In [1]:
%matplotlib inline
import numpy as np
import pandas as pd
import matplotlib.pyplot as plt
import seaborn as sns; sns.set()
import statsmodels.api as sm
import statsmodels.formula.api as smf

# Chapter 6 - Linear Model Selection and Regularization

## Ch6. Notes

The linear model has distinct advantages in terms of intference and, on real-world problems, is often surprisingly competitive in relation to non-linear methods. This chapter discussing some ways in which the simple linear model can be improved, by replacing plain least squares fitting with some alternative fitting procedures.

Why, you ask, might we want to use another fitting procedure instead of least squares? We will see that alternative fitting procedures can yield better *_prediction accuracy_* and *_model interpretability_*.

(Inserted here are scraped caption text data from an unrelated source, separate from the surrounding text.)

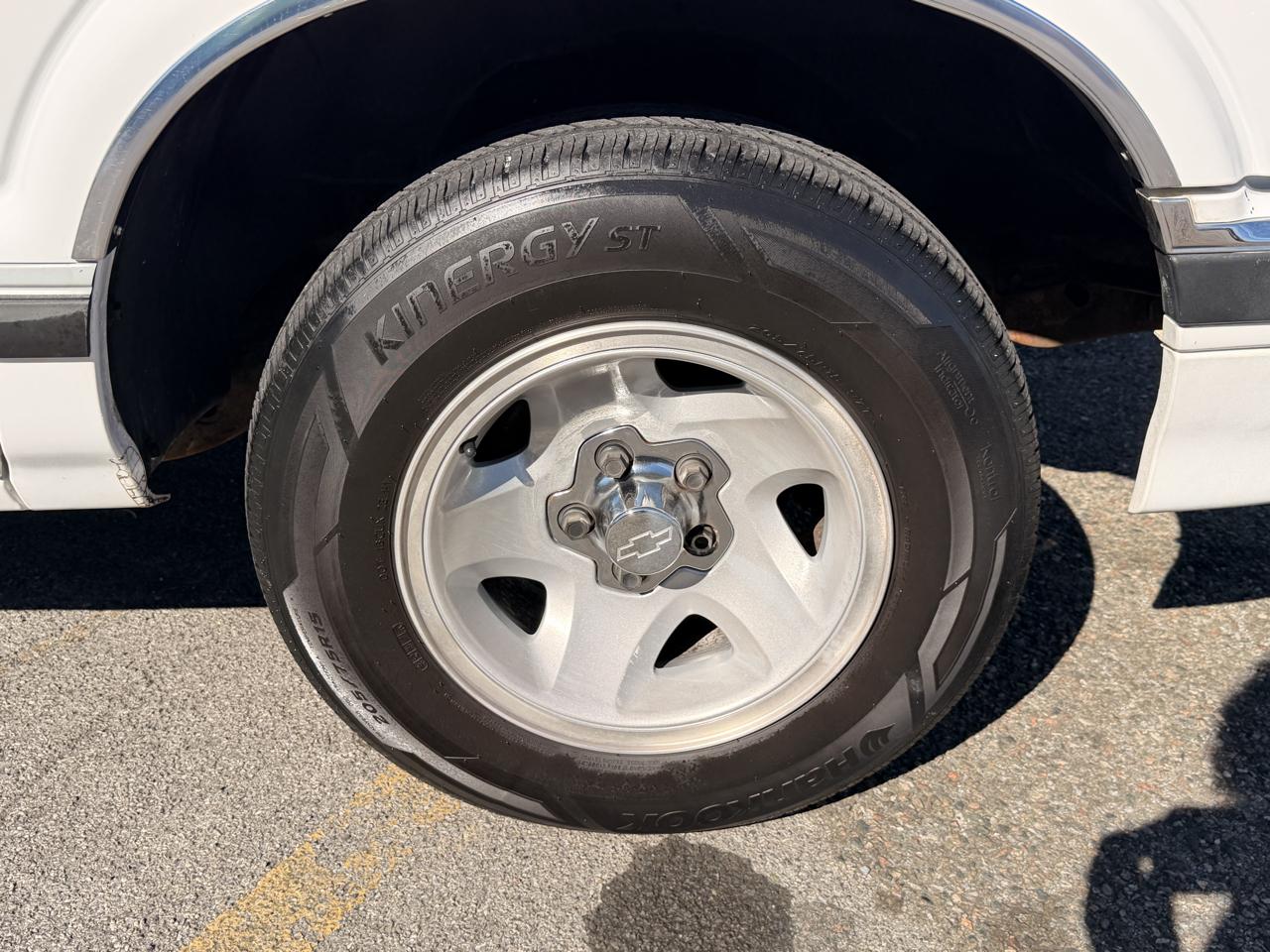 Chevrolet S-10 Reg Cab 108.3" WB 1995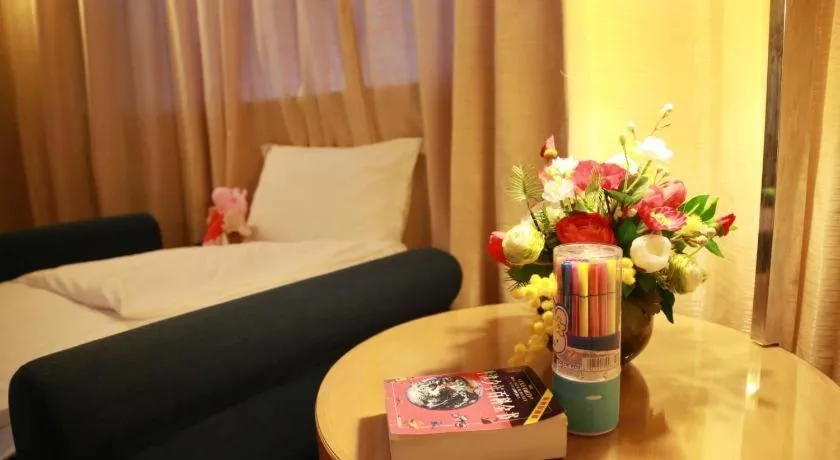 Bed in Jinglun Hotel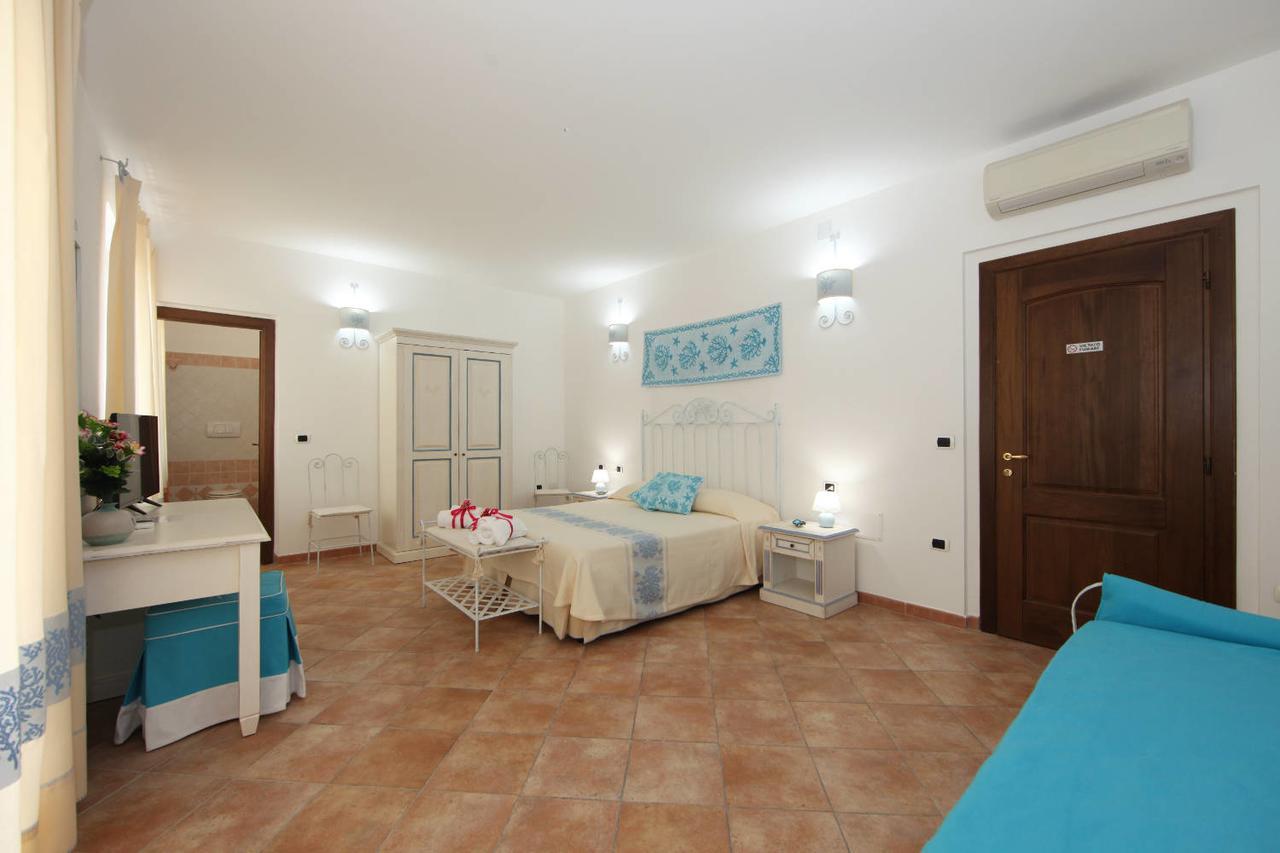 Guest House Villabianca La Maddalena  Ngoại thất bức ảnh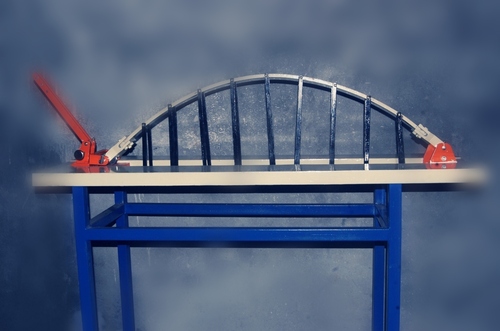 TWO HINGED ARCH APPARATUS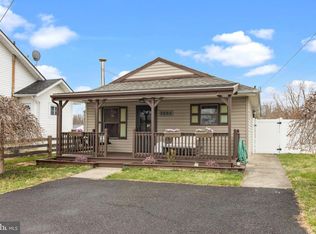 2552 Buffalo Ave, Trevose, PA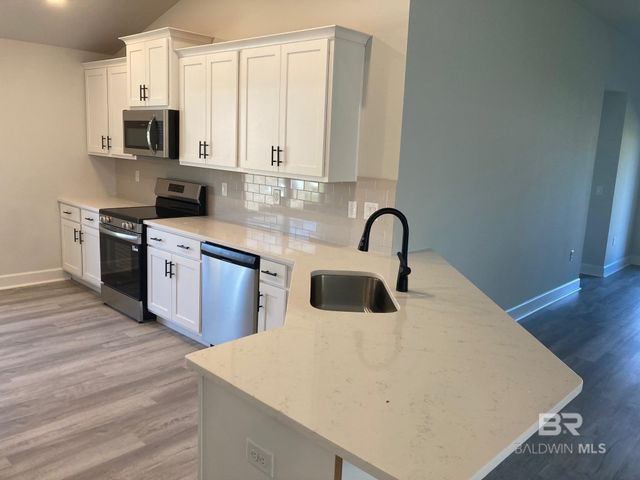 636 Mayflower Drive, Foley, AL 36535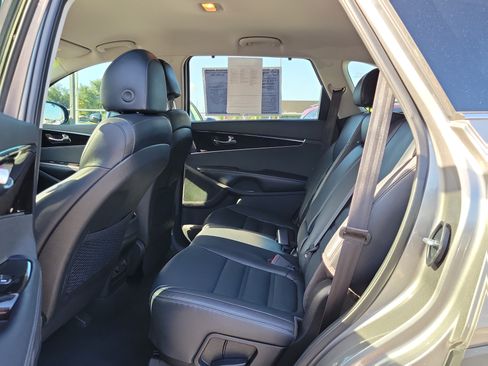 Used 2018 Kia Sorento EX FWD image 12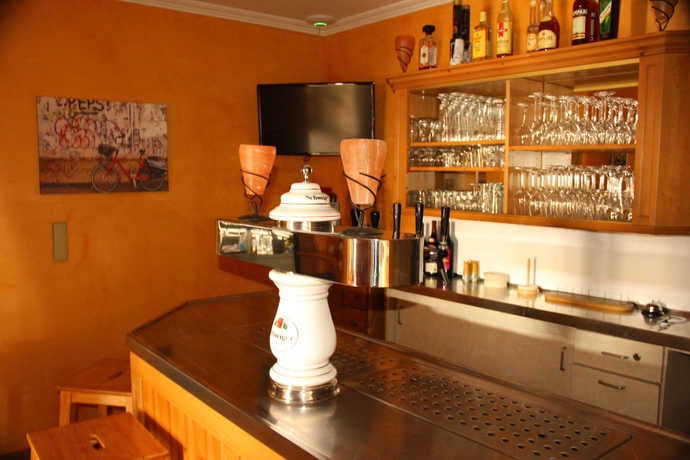Imagen del bar/restaurante del Hotel Zur Linde, Ebersberg. Foto 3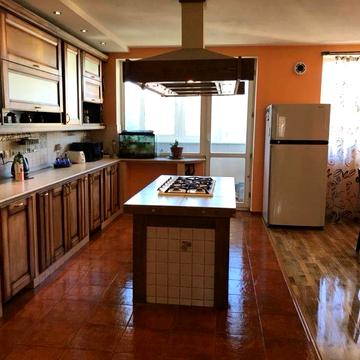 Дворівнева квартира 140 м² в Ужгороді | Готовий дохід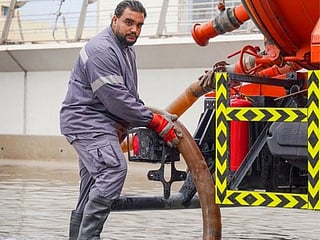 Rain in UAE: Dubai Municipality’s teams clear up water from streets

* **_Prediction Accuracy_**: Provided that the true relationship between the response and the predictors is approximately linear, the least squares estimates will have low bias. If *_n >> p_*, that is, the number of observations is much larger than variables, then the least squares estimates tend to also have low variance, and hence will perform well on test observations. *_However_*, if *_n_* is not much larger than *_p_*, then there can be a lot of variability in the least squares fit, resulting in overfitting and consequently poor predictions on future observations not used in model training. And if *_p > n_*, then there is no longer a unique least squares coefficient estimate: the variance is *_infinite_* so the method cannot be used at all. By **_constraining_** or **_shrinking_** the estimated coefficients, we can often substantially reduce the variance at the cost of a negligible increase in bias. This can lead to substantial improvements in the accuracy with which we can predict the response for observations not used in model training.

* **_Model Interpretability_**: It is often the case that some or many of the variables used in a multiple regression model are in fact not associated with the response. Including such *_irrelevant_* variables leads to unnecessary complexity in the resulting model. By removing these variables—that is, by setting the corresponding coefficient estimates to zero—we can obtain a model that is more easily interpreted. Now least squares is extremely unlikely to yield any coefficient estimates that are exactly zero. In this chapter, we see some approaches for automatically performing **_feature selection_** or **_variable selection_**—that is, for excluding irrelevant variables from a multiple regression model.

This chapter outlines three important classes of methods.

* **_Subset Selection_**: This approach involves identifying a subset of the *_p_* predictors that we believe to be related to the response. We then fit a model using least squares on the reduced set of variables.

* **_Shrinkage_**: This approach involves fitting a model involving all *_p_* predictors. However, the estimated coefficients are shrunken towards zero relative to the least squares estimates. This shrinkage (also known as **_regularization_**) has the effect of reducing variance. Depending on what type of shrinkage is performed, some of the coefficients may be estimated to be exactly zero. Hence, shrinkage methods can also perform variable selection.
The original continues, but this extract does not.